Supplied material:
++++++++

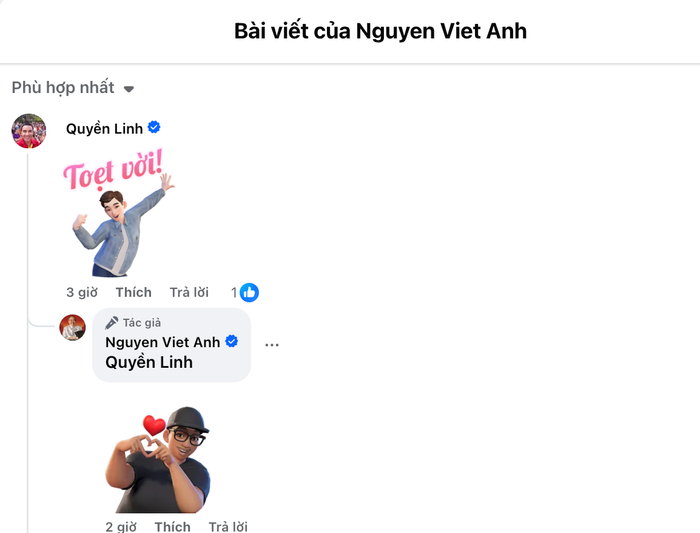 Phản ứng hiếm hoi của MC Quyền Linh bên dưới bài đăng của NSND Việt Anh (Ảnh: Chụp màn hình).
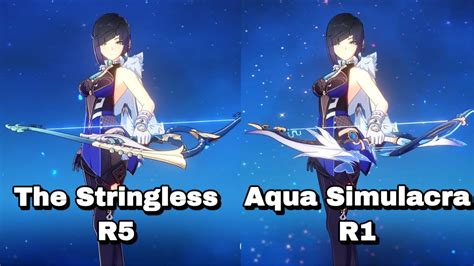 The Stringless R Vs Aqua Simulacra R Same Stats On Yelan Genshin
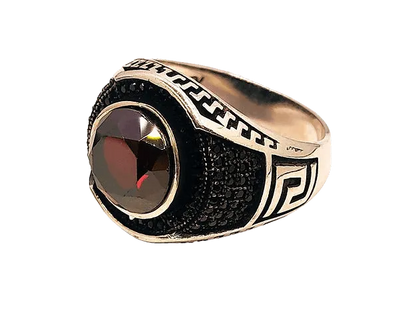 Red Stone Ring for Men (92.5 Silver) - Rivansh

++++++++

Your instructions: Pictures are to be omitted from the copy. Reproduce exactly, and only, the lines from the one containing "The Stringless R" to the end of the listing above.

Result of the task:
 The Stringless R Vs Aqua Simulacra R Same Stats On Yelan Genshin
 Red Stone Ring for Men (92.5 Silver) - Rivansh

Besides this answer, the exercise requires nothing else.